Seriously. What. The. Hell.
Dessert is my life. How exactly is one supposed to exist without chocolate cake?
For the entire life of this blog, I’ve experimented with different “types” of dessert. I mean, why not? I’m not a dessert snob. I love a Hostess apple pie as much as I do a cannele. A pink (must get pink) Snowball (chocolate and whipped cream and marshmallow, oh my!) rivals any tarte tatin. So, after I stopped sobbing and hobbling, I pulled my big girl panties on and did a full scan of my posts and realized that I had already written about a bunch of delicious treats that also just happened to be gluten free – and it wasn’t even intentional. Surely, if I put my mind to it I could come up with a whole slew of recipes that wouldn’t make me want to steal the motorized scooter-shopping-cart from the Walmart parking lot because my right knee hurt so bad.
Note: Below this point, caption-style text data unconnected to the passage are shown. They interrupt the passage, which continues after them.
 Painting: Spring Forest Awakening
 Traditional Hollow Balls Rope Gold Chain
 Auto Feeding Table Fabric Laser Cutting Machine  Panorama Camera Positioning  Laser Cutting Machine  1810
So, I started playing around with my favorite desserts, trying cut out the gluten by experimenting with alternate flours, and then tweaking them further to make as many as possible grain free. Luckily, there are so many great gluten free and paleo bakers out there that I didn’t have to do a lot of mad science in my kitchen to come up with some desserts that even my VERY picky, will-not-touch-anyting-healthy father loves. (That is the true test. He can sniff out “health” food from the next state over, and once accused my sister and me of feeding him grass clippings when we tried to get him to drink a smoothie.)
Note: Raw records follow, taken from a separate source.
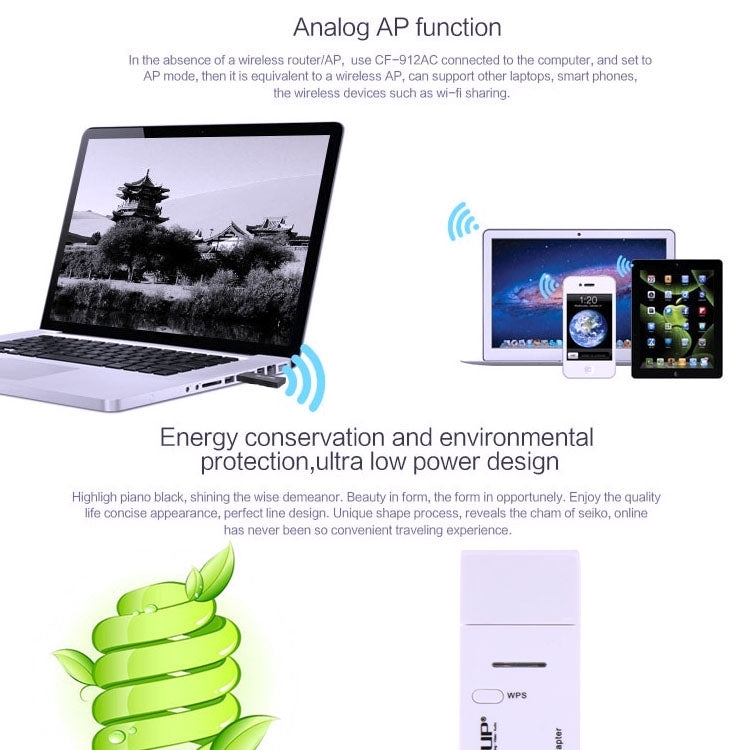 EDUP AC-1601 802.11AC 1200M Dual Band USB 3.0 Wifi Wireless Adapter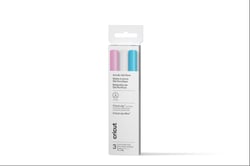 Lot de 3 stylos Cricut Joy™ - Blanc, bleu, rose - Pointe moyenne
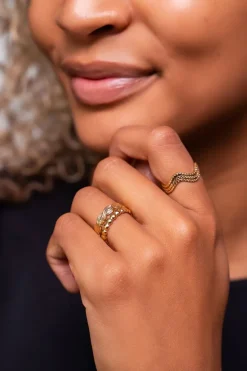 Bague Motif Tressé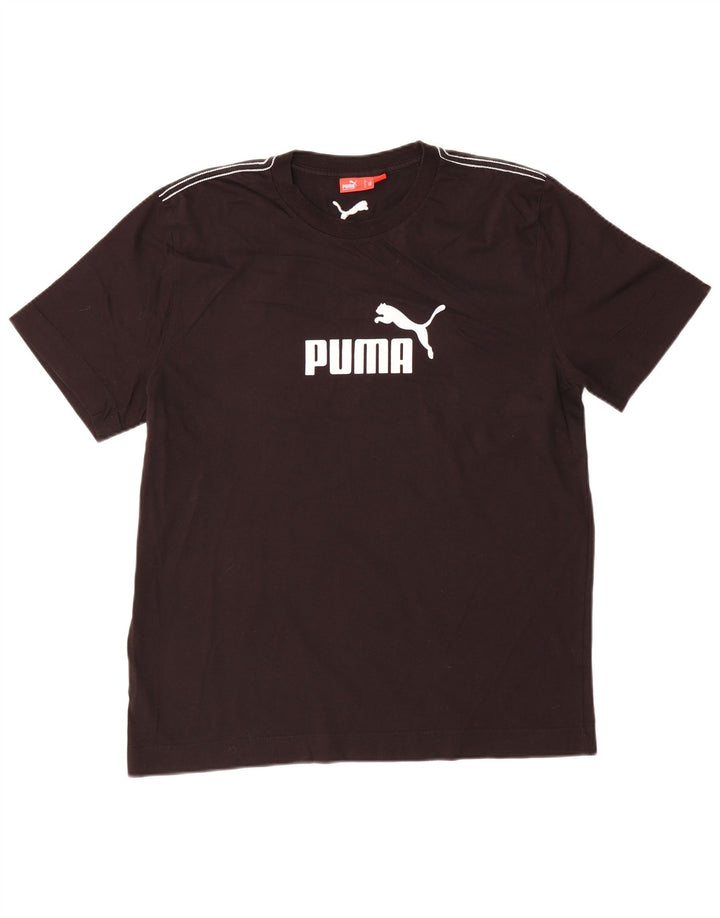 Ανδρικό γραφικό T-Shirt Puma Top Large Μαύρο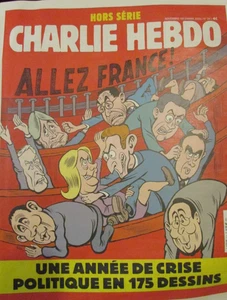 CHARLIE HEBDO N° HORS SERIE UNE ANNEE DE CRISE POLITIQUE EN 175 DESSINS - Bild 1 von 1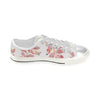 Autumn Leaves Shoes, Pink Leaves Women's Classic Canvas Shoes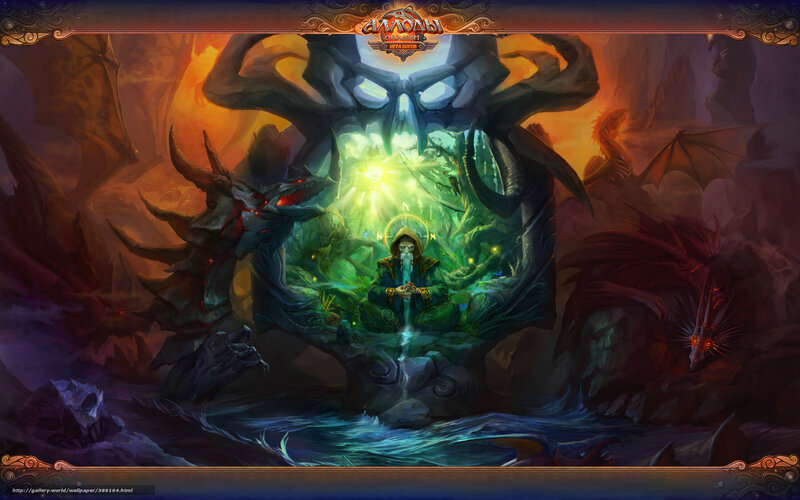 Fantasy dungeon scene with wizard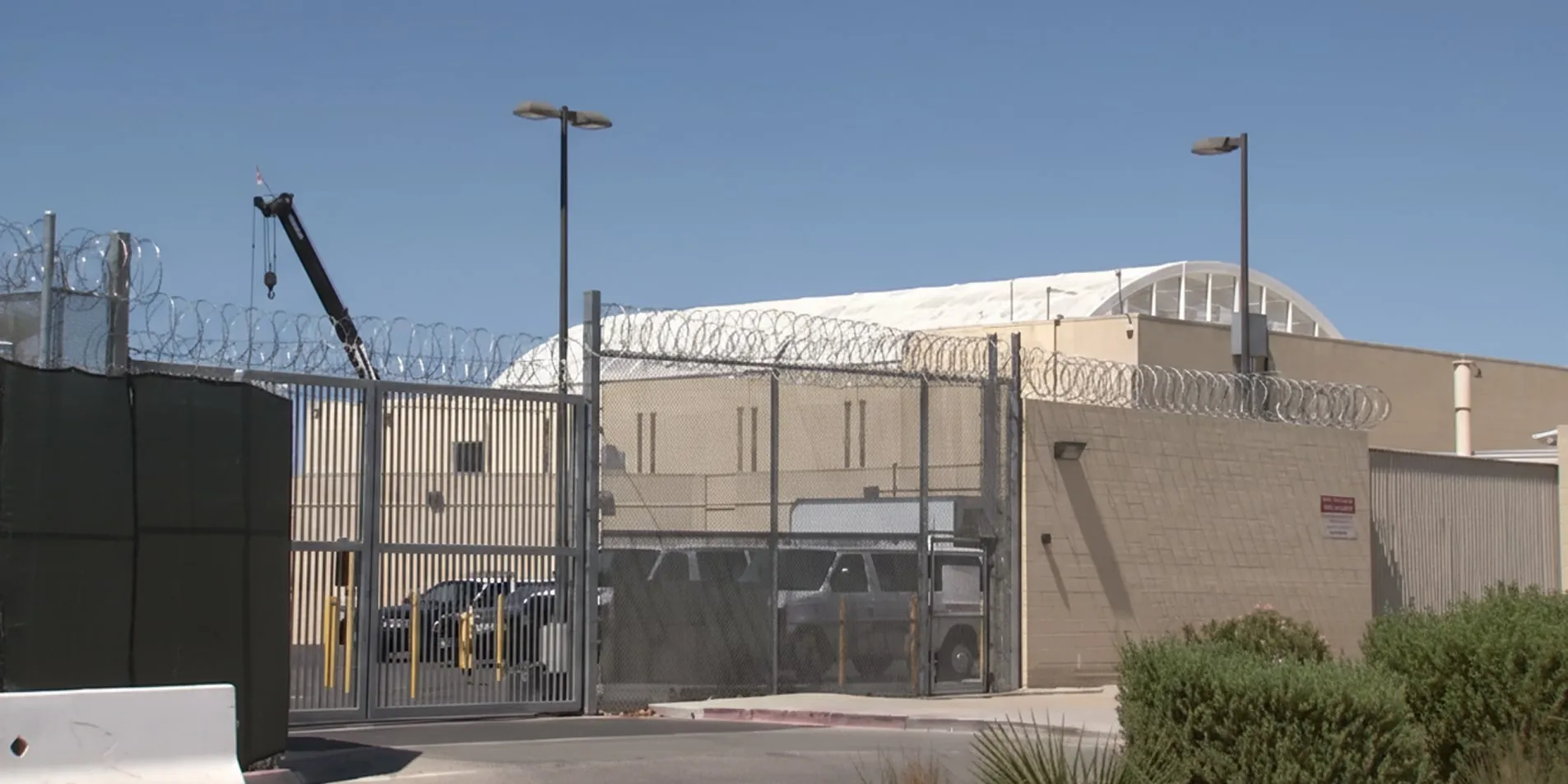 Exterior of Indio Jail in Riverside County, California.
Right now, this brownie recipe is at the top of the rotation. I’ve been taking it to every gathering we’ve gone to in the last month because Peanut Butter. And Chocolate. And then I have to make a second batch just for Tim because there are never any left to bring home, and he says it isn’t fair that he has to go to an office all day, and that I get to stay home and eat brownies, which is complete hogwash, but then I prove him right by eating seven brownies in one day and he says that is excessive, even for me and that I am eating them out of spite.
Tim knows me too well.
Chocolate Peanut Butter Brownies
(grain free, gluten free, vegan)
1 jar of smooth peanut butter (16 0z)
2 large eggs
1 1/4 cup pure maple syrup
1 tablespoon pure vanilla extract
1/2 cup cocoa powder or cacao powder
1 teaspoon baking soda
pinch salt (I like pink Himalayan)
1 cup chocolate chips – optional (vegan if desired)
Preheat oven to 350 degrees. Grease an 11 x 13 cake pan (pyrex or aluminum).
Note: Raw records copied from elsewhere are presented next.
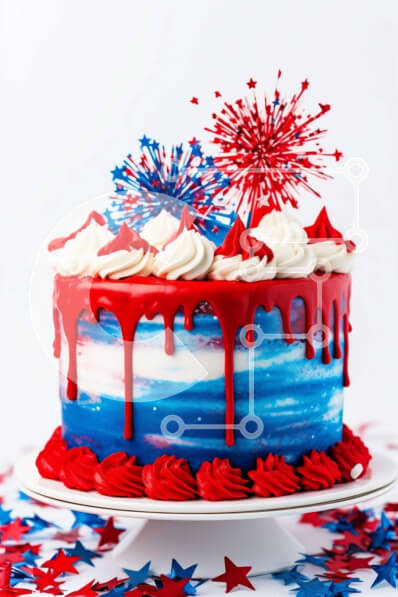 Intra Συλλεκτικό Ξύλινο Παζλ Plywood  4mm - Πατριωτική τούρτα με διακόσμηση πυροτεχνημάτων Σε Ξύλινο Κουτί - Διαστάσεις: 10x10 cm – 25 κομμάτια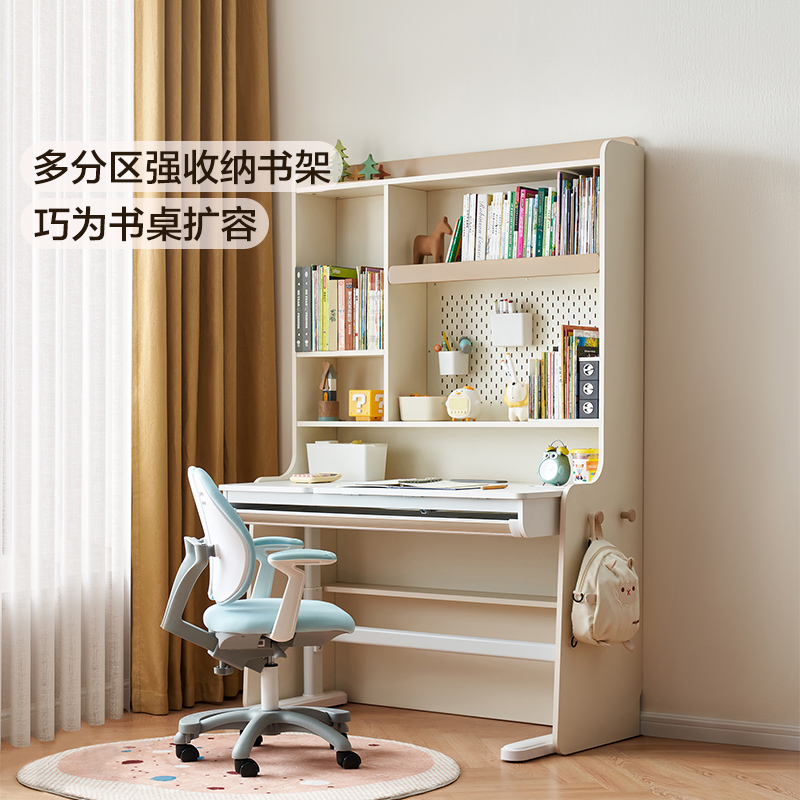 全友家居儿童收纳储物书架卧室家用置物书柜客厅靠墙落地收纳书架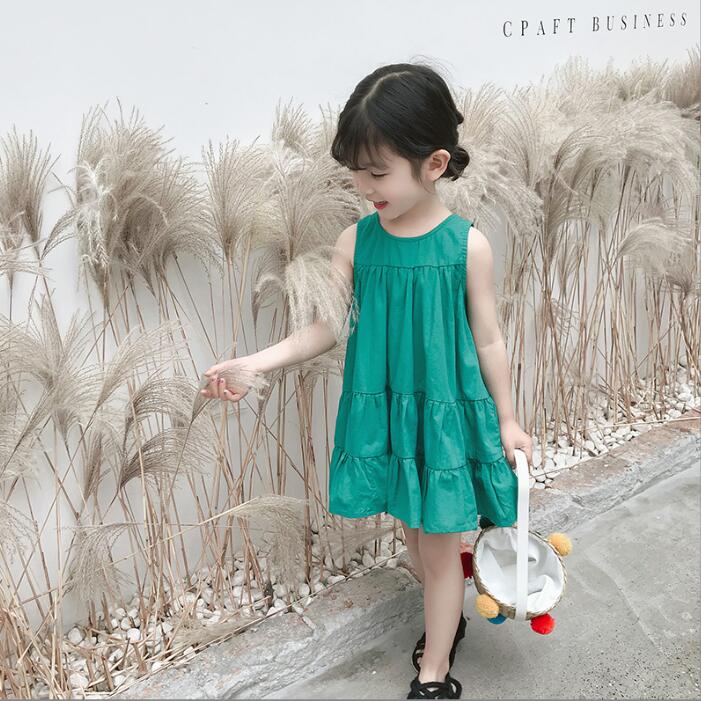 子供服夏服★女の子半袖ドレス★ファッションドレス子供服★韓国風子供夏服★90-140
Mix all the ingredients except the chocolate chips until thoroughly combined. Fold in chocolate chips if you are adding them. Pour into greased pan. Bake for 20 – 25 minutes, depending on how fudgy you like your brownies. I cook mine less because we like them to be really moist and dense. But if you prefer them cakier, bake them a little more.
These brownies are amazing topped with some coconut milk whipped cream and strawberries. But then again, isn’t everything?